> Your goal
Output exactly, and only, the lines below from the one with "Fig. 3. Absorption" down to the one with "Man Utd v Brighton". Include both end lines and no pictures.

Brief descriptive captions
----------
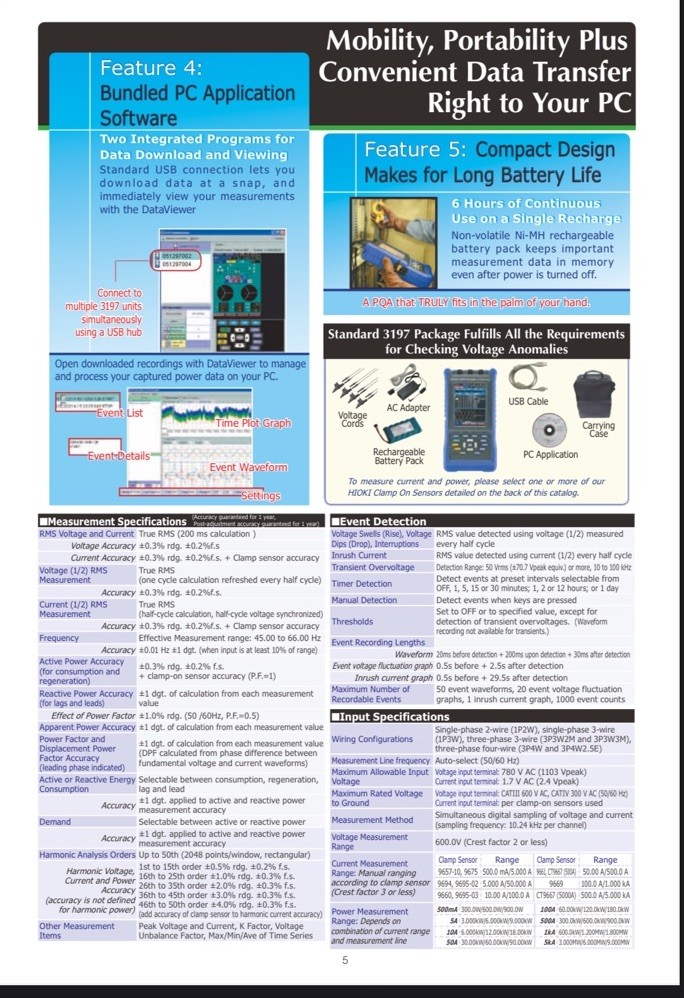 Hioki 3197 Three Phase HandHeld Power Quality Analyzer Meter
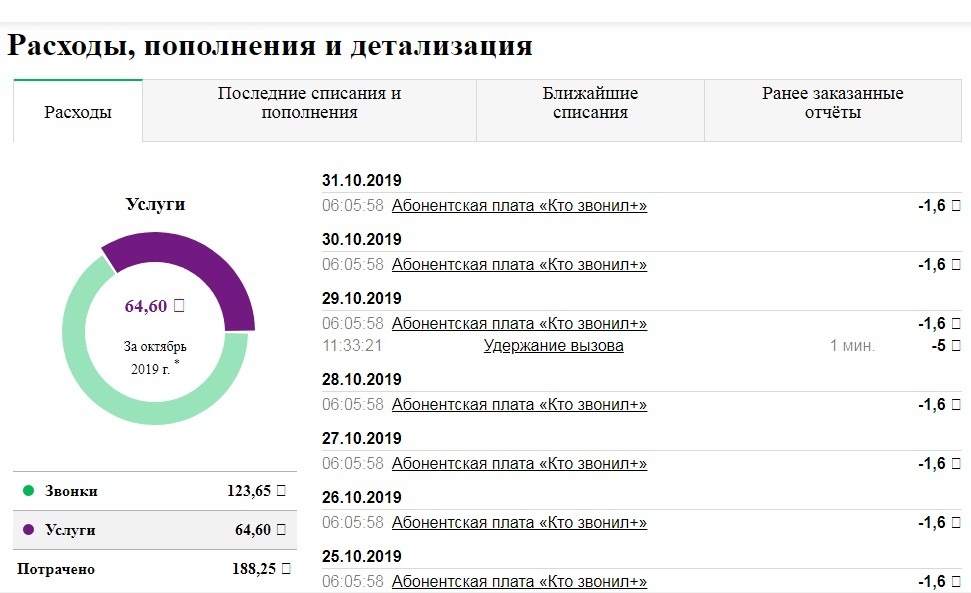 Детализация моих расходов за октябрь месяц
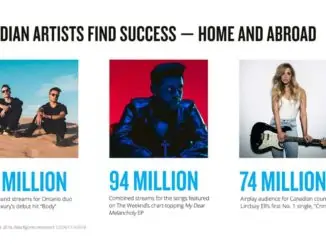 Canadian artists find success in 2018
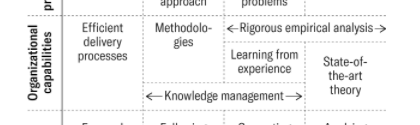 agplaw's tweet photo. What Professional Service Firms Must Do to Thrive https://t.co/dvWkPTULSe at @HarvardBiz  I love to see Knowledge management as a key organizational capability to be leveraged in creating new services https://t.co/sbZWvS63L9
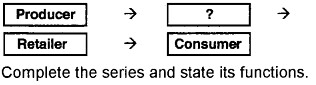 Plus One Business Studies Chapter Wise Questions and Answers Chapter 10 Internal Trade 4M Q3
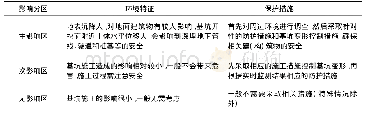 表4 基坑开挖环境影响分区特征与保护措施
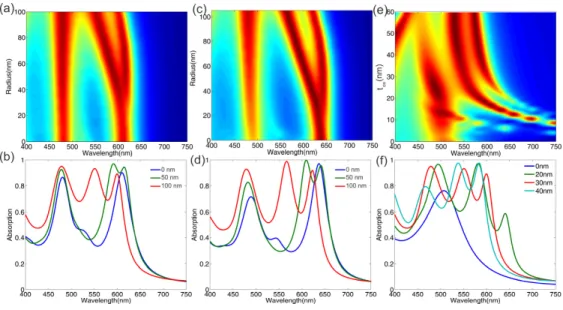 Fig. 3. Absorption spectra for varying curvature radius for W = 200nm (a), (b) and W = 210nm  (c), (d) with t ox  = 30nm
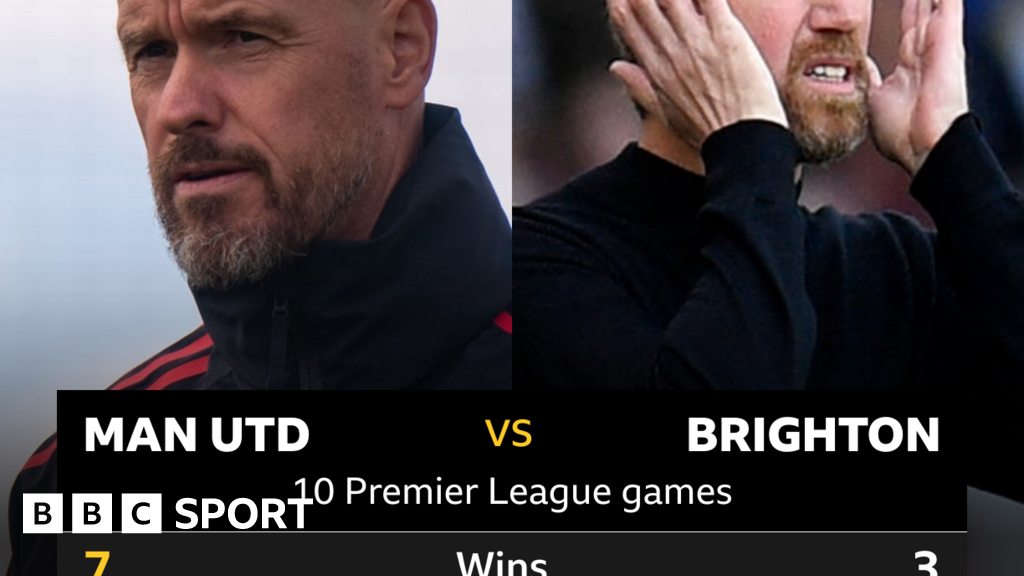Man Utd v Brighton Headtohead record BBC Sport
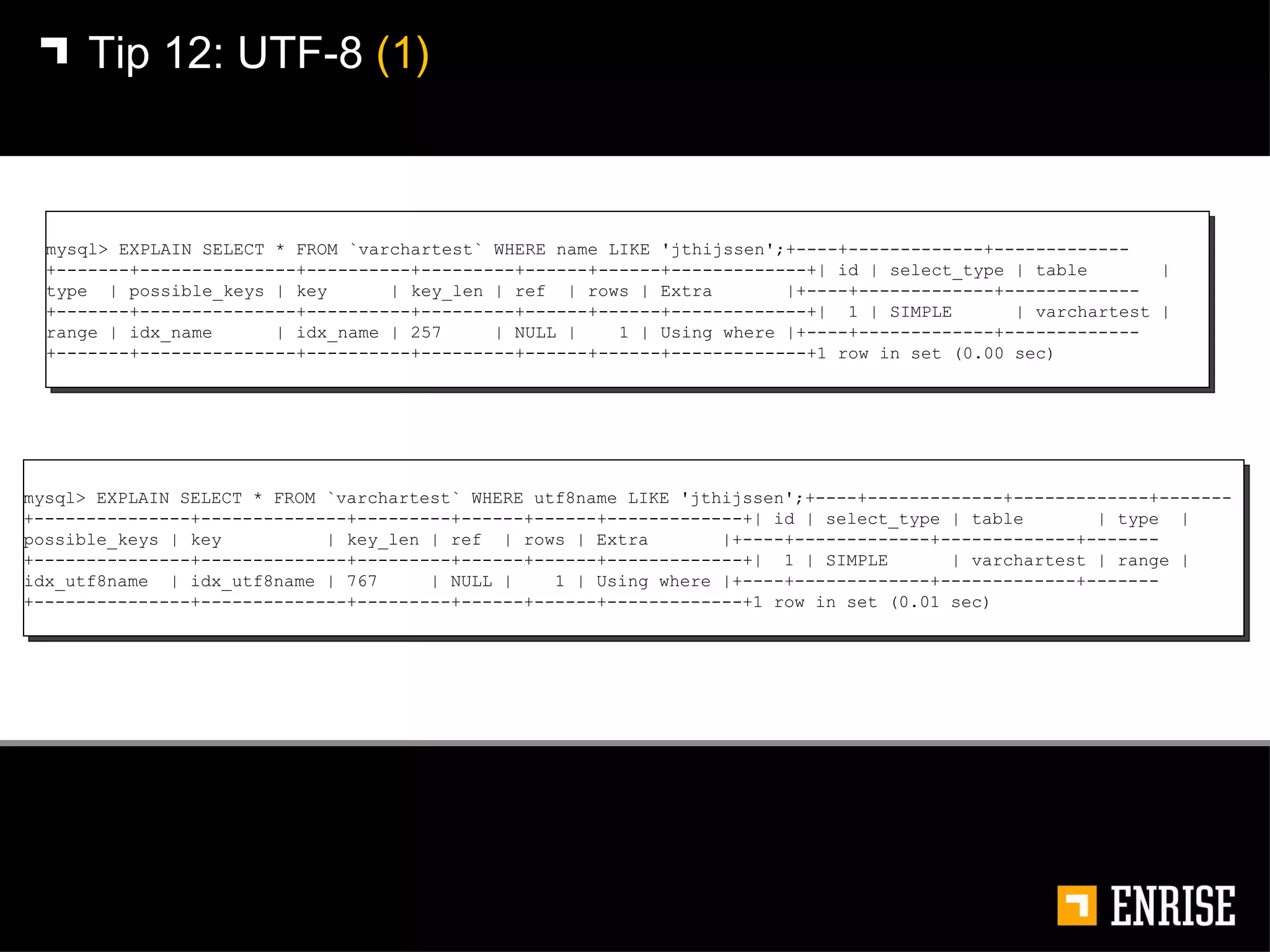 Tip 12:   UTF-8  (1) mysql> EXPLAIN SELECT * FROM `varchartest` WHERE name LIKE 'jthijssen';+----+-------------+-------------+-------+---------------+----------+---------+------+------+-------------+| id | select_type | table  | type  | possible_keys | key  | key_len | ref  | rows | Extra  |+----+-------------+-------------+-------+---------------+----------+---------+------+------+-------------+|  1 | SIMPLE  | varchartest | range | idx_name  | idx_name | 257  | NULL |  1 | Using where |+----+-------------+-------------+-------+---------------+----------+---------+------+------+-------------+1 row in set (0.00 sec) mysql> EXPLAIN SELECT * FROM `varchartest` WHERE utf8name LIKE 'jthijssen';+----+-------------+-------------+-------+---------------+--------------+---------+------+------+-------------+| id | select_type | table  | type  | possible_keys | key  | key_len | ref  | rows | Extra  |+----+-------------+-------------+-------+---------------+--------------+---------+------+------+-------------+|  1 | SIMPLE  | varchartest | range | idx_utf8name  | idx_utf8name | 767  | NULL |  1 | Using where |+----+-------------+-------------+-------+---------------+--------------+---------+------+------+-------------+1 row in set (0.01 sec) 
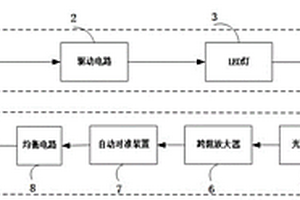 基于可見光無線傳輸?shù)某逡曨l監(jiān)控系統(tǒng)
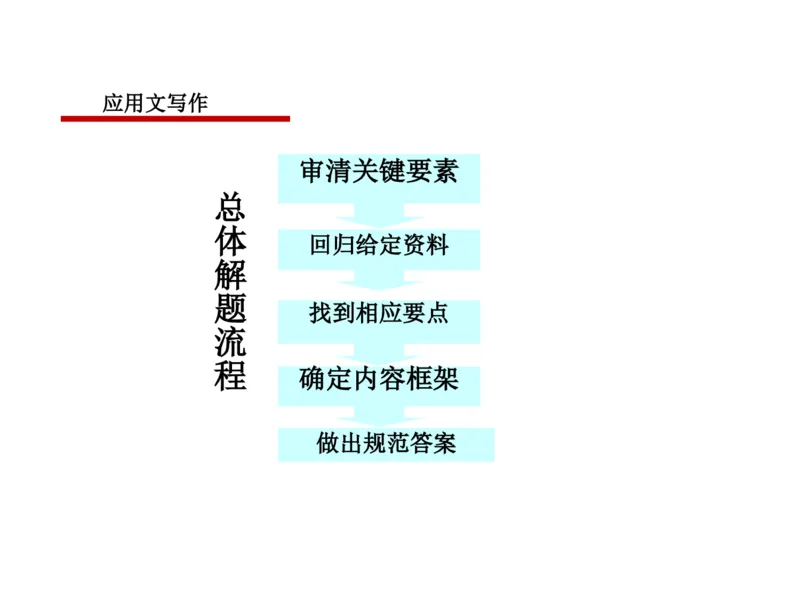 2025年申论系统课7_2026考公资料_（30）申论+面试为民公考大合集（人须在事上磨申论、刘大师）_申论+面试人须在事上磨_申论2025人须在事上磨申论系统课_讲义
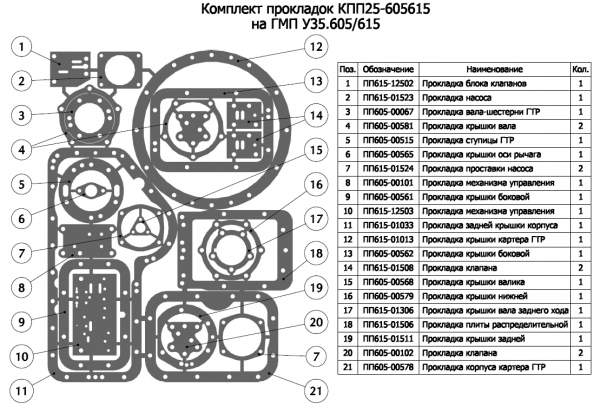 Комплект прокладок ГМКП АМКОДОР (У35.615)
----------
> Output of the task
 Fig. 3. Absorption spectra for varying curvature radius for W = 200nm (a), (b) and W = 210nm  (c), (d) with t ox  = 30nm
Man Utd v Brighton Headtohead record BBC Sport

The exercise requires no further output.